> **Data shown**
[Start of section]

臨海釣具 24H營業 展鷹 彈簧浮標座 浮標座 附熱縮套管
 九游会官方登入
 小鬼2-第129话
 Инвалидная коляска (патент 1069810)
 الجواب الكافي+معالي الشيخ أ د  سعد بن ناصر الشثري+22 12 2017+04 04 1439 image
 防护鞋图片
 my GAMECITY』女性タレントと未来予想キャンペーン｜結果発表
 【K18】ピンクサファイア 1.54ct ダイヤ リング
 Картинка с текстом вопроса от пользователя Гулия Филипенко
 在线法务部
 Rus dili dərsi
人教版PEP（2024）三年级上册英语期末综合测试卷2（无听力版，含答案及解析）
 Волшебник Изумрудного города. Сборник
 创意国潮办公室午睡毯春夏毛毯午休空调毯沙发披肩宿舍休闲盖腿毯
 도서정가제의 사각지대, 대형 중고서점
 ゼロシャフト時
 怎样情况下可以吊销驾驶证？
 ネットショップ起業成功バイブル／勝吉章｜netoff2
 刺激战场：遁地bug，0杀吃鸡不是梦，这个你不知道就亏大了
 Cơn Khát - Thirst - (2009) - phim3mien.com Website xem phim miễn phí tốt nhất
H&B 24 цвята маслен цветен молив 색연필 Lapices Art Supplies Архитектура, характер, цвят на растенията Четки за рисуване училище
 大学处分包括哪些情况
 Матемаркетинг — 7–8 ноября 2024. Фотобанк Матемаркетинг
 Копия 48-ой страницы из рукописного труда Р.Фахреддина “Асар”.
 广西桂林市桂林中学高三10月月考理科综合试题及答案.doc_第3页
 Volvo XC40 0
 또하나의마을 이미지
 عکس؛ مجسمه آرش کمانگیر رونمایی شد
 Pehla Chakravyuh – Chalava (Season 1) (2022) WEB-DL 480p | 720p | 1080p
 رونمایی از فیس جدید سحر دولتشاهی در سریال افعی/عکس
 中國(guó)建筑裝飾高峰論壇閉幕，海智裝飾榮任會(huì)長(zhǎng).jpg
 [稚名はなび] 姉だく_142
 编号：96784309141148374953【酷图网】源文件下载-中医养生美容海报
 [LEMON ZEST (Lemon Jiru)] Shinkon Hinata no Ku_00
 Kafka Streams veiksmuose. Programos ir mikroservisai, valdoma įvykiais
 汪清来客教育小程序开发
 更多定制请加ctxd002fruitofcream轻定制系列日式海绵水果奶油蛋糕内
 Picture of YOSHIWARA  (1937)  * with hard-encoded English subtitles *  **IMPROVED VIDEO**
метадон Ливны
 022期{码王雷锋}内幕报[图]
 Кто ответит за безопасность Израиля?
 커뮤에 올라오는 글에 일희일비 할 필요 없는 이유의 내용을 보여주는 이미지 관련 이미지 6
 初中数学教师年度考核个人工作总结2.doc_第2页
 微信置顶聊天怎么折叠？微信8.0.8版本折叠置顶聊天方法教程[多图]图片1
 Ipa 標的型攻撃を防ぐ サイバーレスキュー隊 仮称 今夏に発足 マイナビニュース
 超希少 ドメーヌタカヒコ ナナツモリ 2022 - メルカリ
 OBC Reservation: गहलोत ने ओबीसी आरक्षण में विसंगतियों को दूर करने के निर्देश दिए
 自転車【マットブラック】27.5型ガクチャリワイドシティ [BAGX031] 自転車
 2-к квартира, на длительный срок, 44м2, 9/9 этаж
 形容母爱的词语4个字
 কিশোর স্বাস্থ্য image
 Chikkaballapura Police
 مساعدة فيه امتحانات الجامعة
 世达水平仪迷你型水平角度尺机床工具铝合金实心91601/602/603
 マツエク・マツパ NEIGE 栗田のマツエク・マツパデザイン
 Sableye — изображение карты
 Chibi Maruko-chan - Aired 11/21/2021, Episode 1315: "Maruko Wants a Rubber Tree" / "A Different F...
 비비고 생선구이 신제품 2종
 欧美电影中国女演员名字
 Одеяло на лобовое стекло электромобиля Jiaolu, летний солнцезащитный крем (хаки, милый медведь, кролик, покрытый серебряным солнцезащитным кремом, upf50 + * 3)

[End of section]

> **Exercise directions**
The answer must consist of every line from the records above that holds "image".

> **Reply**
 الجواب الكافي+معالي الشيخ أ د  سعد بن ناصر الشثري+22 12 2017+04 04 1439 image
 কিশোর স্বাস্থ্য image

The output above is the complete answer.